Un progetto di legge del Governo, attualmente all’esame della Camera, se trasformato in legge, promette di incidere anche sulla normativa cui sono soggette le porte antincendio interne. Le riflessioni dell’ing. Gianrico Delfino di Acmi, esperto di chiusure antincendio: “Bene sveltire le pratiche amministrative ma sempre nel rispetto delle prove di laboratorio e dei conseguenti attestati”.
Verso la semplificazione delle procedure per l’immissione sul mercato delle porte tagliafuoco interne? Lo si spera. Ma non è solo una vacua speranza ma una ragionevole possibilità se andrà in porto un disegno di legge depositato in Parlamento dal Governo. Prima firmataria, la premier Meloni seguita da sei ministri. Ne abbiamo dato qui.
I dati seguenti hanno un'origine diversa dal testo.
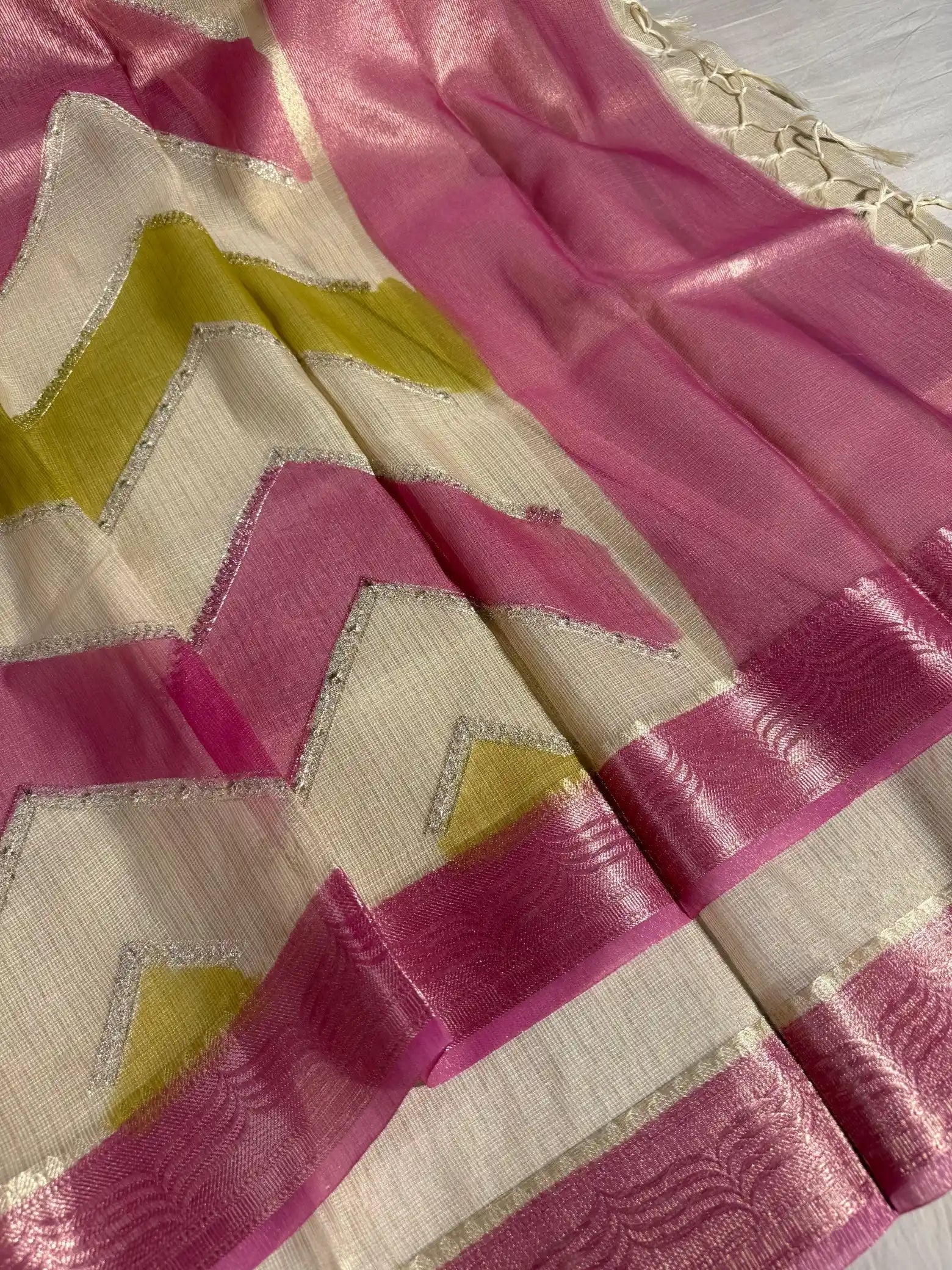 Multicolor Kota Tissue Rangkat Chikankari Embroidery Work Banarasi Saree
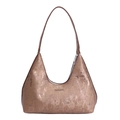 Borsa tote a mezzaluna in bronzo metallizzato testurizzato con cerniera argentata - Marrone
Semplificare l’amministrazione
Il titolo del progetto di legge dice tutto: “Delega per la semplificazione dei procedimenti amministrativi e misure in materia farmaceutica e sanitaria e di autorizzazioni di polizia”. Secondo la proposta di legge, il Governo entro il 31 agosto 2024 dovrà adottare un decreto che semplifica i procedimenti autorizzativi per l’immissione sul mercato dei prodotti antincendio “esclusi dall’ambito della marcatura CE, favorendo l’autocertificazione e l’asseverazione delle caratteristiche tecniche di sicurezza”. Qui scarichi il disegno di legge.
E le porte antincendio?
Leggendo il progetto di legge il primo pensiero è andato al settore delle porte tagliafuoco interne che per anni ha atteso inutilmente la marcatura CE. In merito al disegno di legge abbiamo chiesto una riflessione all’ ing. Gianrico Delfino, esperto di serramenti e coordinatore sezione Antincendio di ACMI, associazione nazionale chiusure tecniche. L’esperto così risponde:
Personalmente vedo favorevolmente l’eliminazione della necessità di omologazione ministeriale delle porte antincendio in quanto si elimina un passaggio documentale e si sveltisce quindi la messa in commercio dei prodotti. L’importante è che comunque sia obbligatorio accompagnare la certificazione dei requisiti rilasciata dal fabbricante della porta con il certificato del laboratorio che confermi quanto sostenuto dal fabbricante stesso.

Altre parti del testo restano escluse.